Of course, it is assumed that each of the pedestrians maintained his own respective gait, both in going and coming from one town to another.


A Pictorial Charade

When I was traveling through Puzzle Land, where every sign is a puzzle, every question a riddle, and you must guess the name of everything you eat, I saw this sign over a livery stable. Can you tell me what it meant?

A PROBLEM FOR A JURY.

JUDGES are sometimes called upon to solve knotty points of law, which would bother the average puzzlist. Here for example is an old-timer which, so far as I am aware, has never been answered satisfactorily:

Polus instructed Ctesiphon in the art of pleading, and it was agreed between teacher and pupil that the tuition fee should be paid when the latter should win his first case. Some time having passed by, and the young man being without clients and evincing no ambition to secure business, Polus, in despair, brought the matter before the court. Each party pleaded his own case, and Polus, speaking first, said: "It is indifferent to me how the Court may decide this matter, for, if the decision be In my favor, I recover my fee by virtue of the judgment; but, if my opponent wins the case, it being his first, I obtain my fee according to contract.
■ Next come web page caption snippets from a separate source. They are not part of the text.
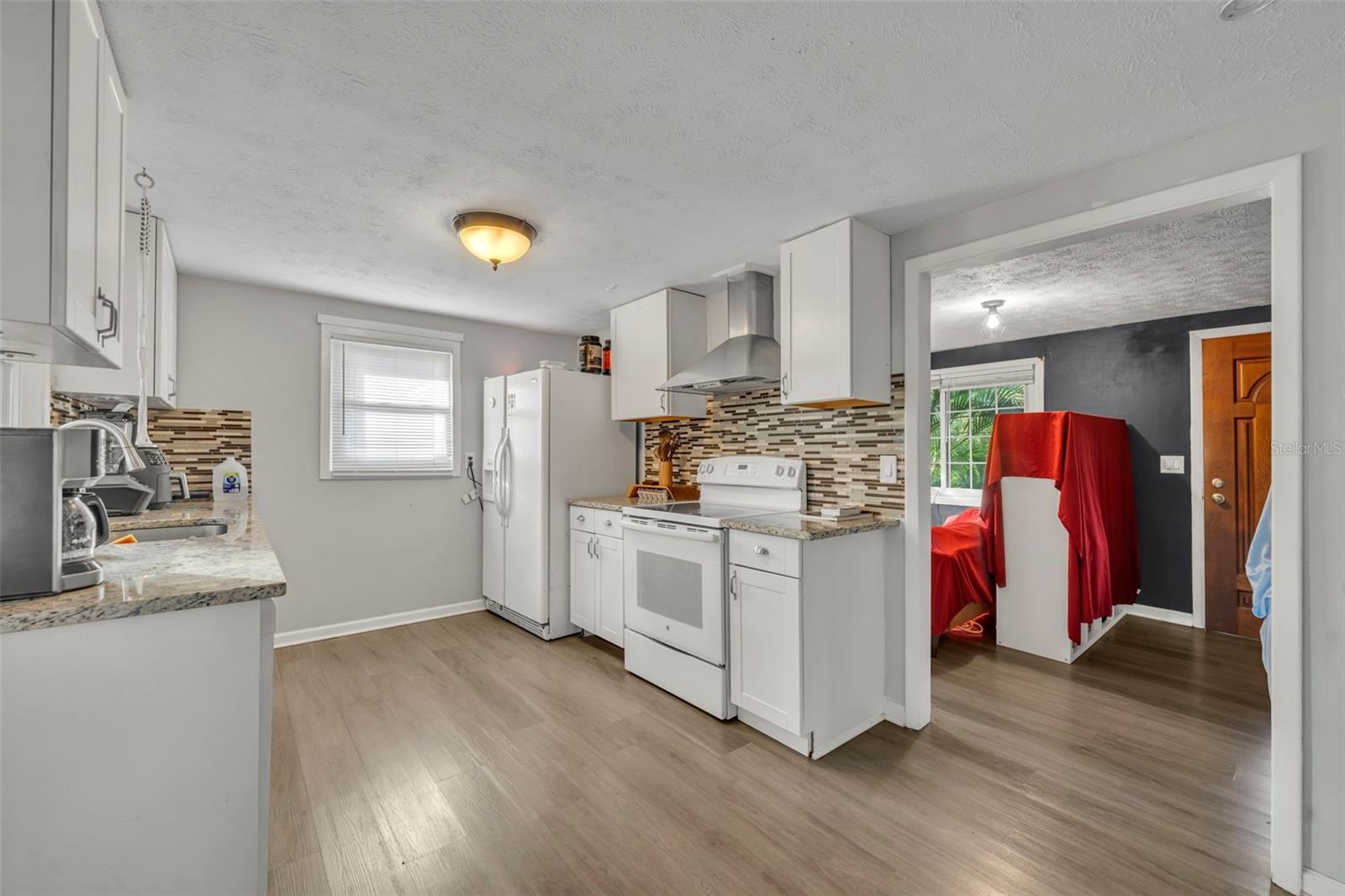 Image 6 of 15 For 414 Muriel Street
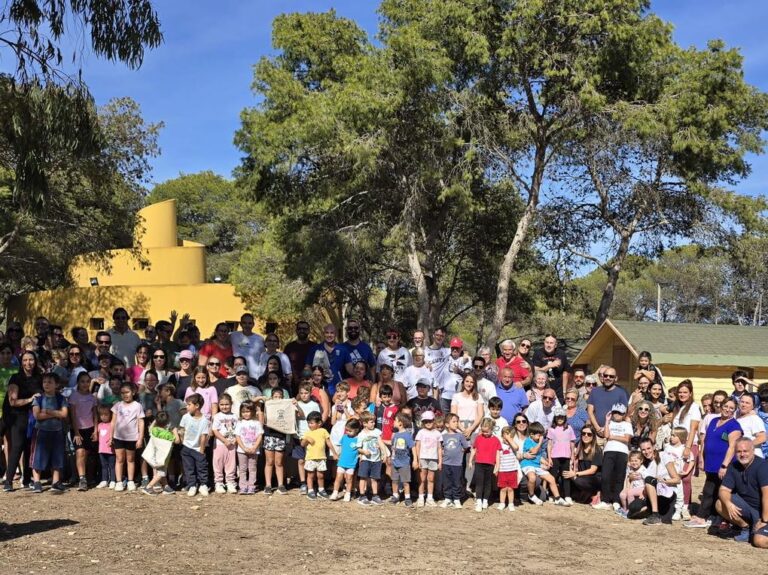 Participantes en el Día de la Mochila en Melilla, celebrando en un entorno natural.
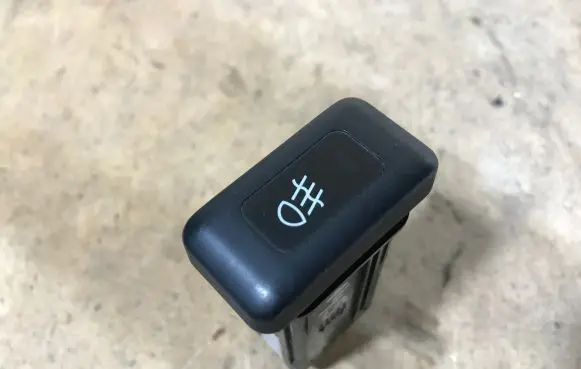 Fog light switch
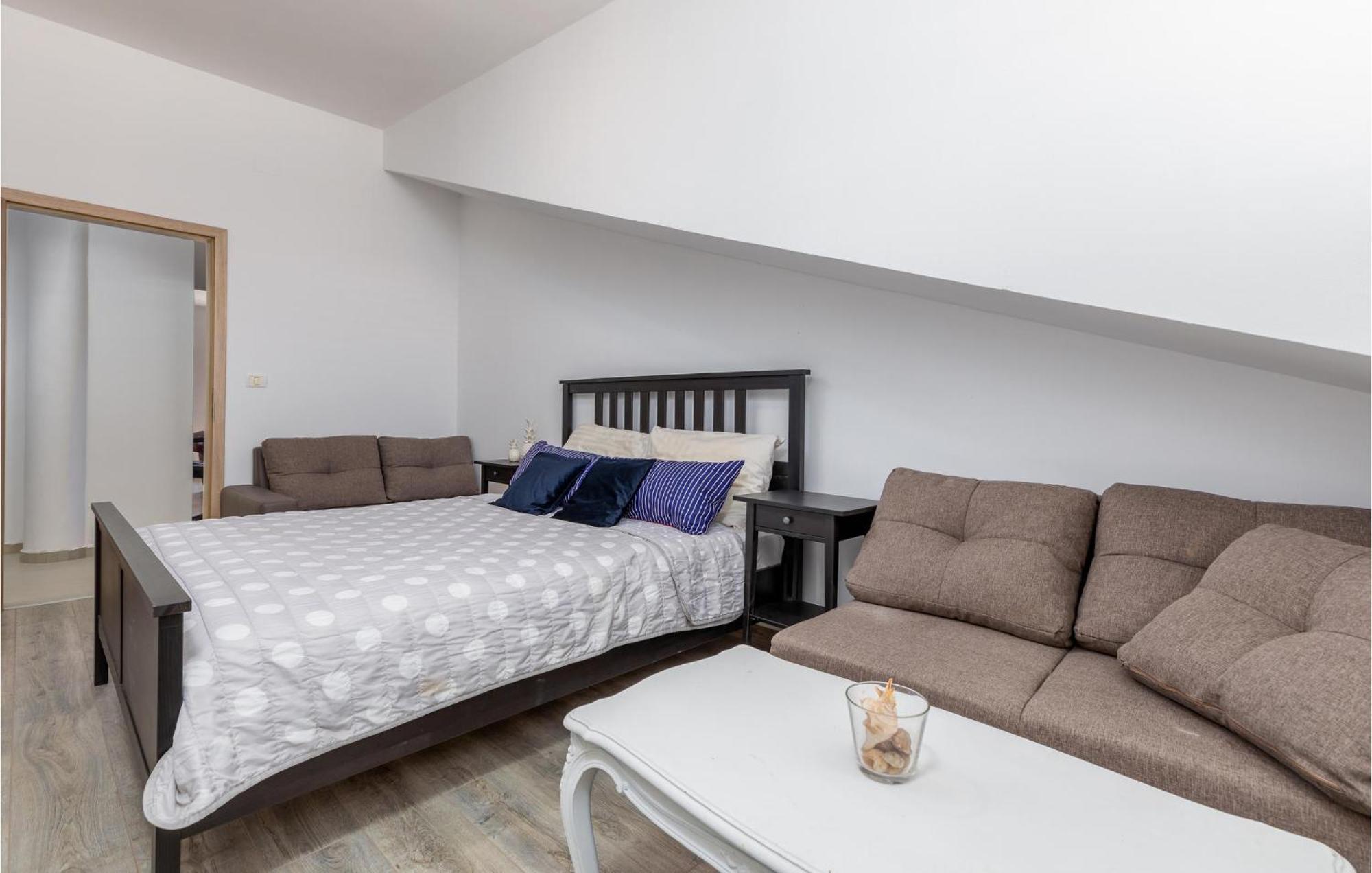 Awesome Apartment In Pula With Wifi Extérieur photo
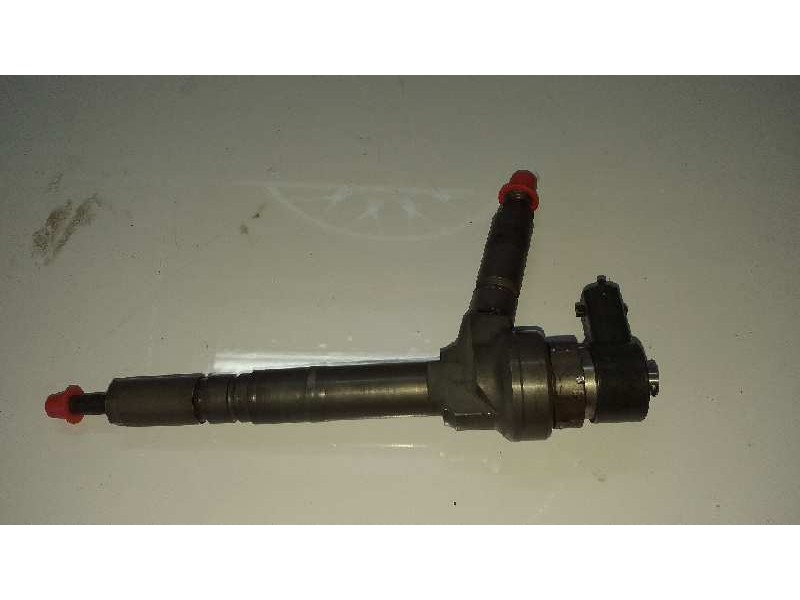 Recambio de inyector para opel astra h berlina 1.7 16v cdti referencia OEM IAM 0445110175  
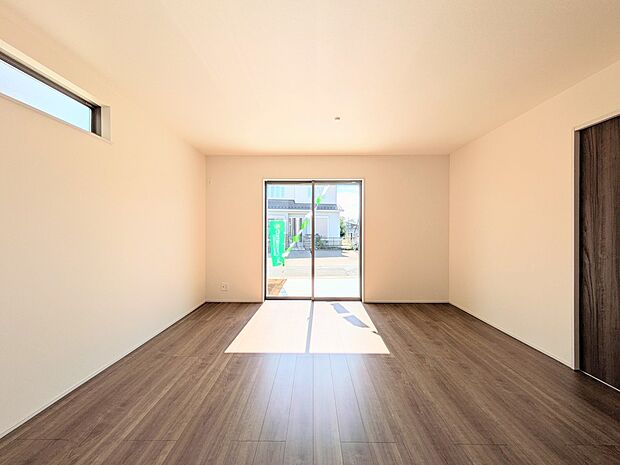 【リビングダイニング】リビングにいるお子様と会話をしながら家事ができるカウンターキッチン。いま手があいているか、忙しそうなのか相手の様子を伺いながらコミュニケーションをとる訓練にもなります。…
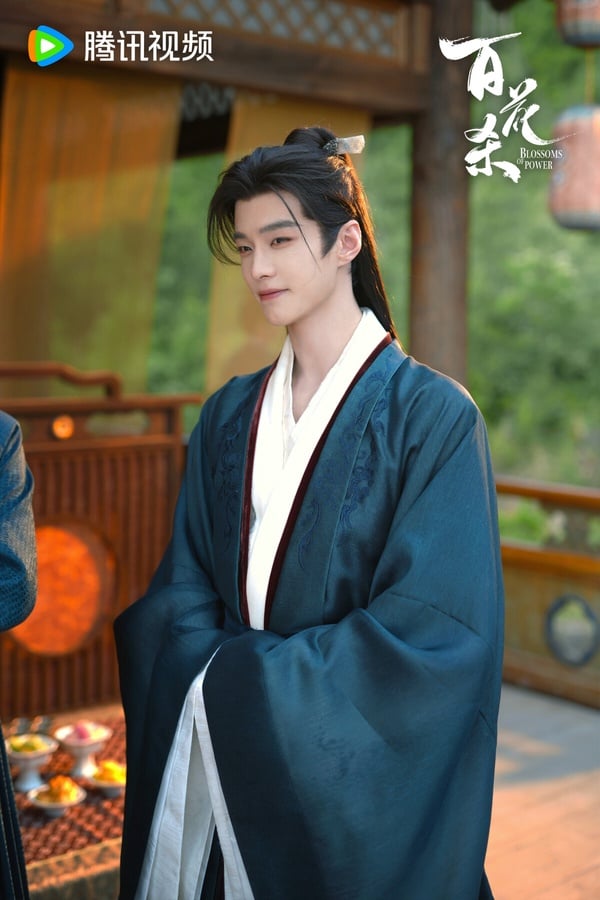 何與是近年人氣很高的陸劇男神，他近年主演《百花殺》、《雙軌》，人氣都很高呢！今年暑期檔何與推出的《百花殺》是一部大女主重生劇，何與飾演的蕭華雍是東宮太子，六歲遭人投毒，隱居養病，暗中培植心腹勢力。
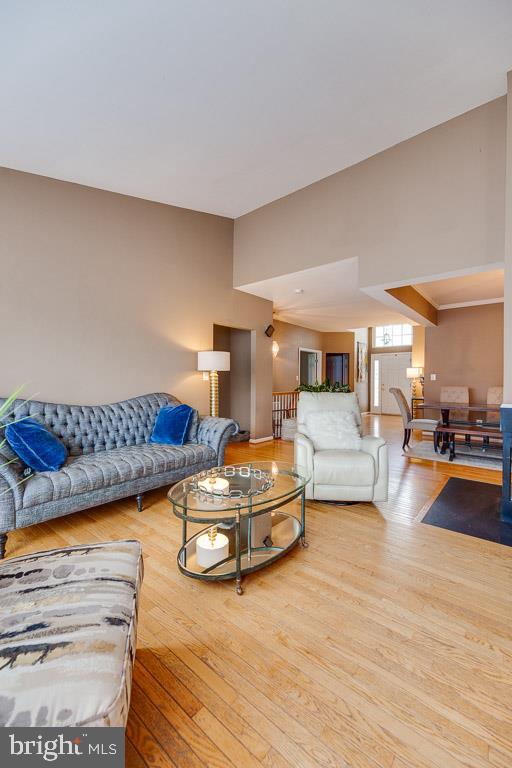 SOUTH RIDING - Residential Lease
Ctesiphon, who was evidently an apt scholar, replied: "The decision of the Court is even of less importance to me, for if the verdict is in my favor I am thereby released from my debt to Polus. But if I loose the case, the fee cannot be demanded according to the contract."

A still more interesting case is said of a certain king who built a bridge and decreed that all persons about to cross it should be interrogated as to their destination. If they told the truth they were permitted to pass unharmed, but if they answered falsely they were to be hanged on a gallows erected at the centre of the bridge. One day a man about to cross was asked the usual question, and replied: "I am going to be hanged on that gallows!"

Now, if they hanged him, he had told the truth and should have escaped, whereas if they did not hang him, he had answered falsely and should have swung for it.


A Rebus

My first's possessed by all mankind,
My second skims the wave;
My whole will dash through wave
and wind.
In hopes my first to save.

Cipher Answer.—12, 9, 6, 5, 2, 15, 1, 20.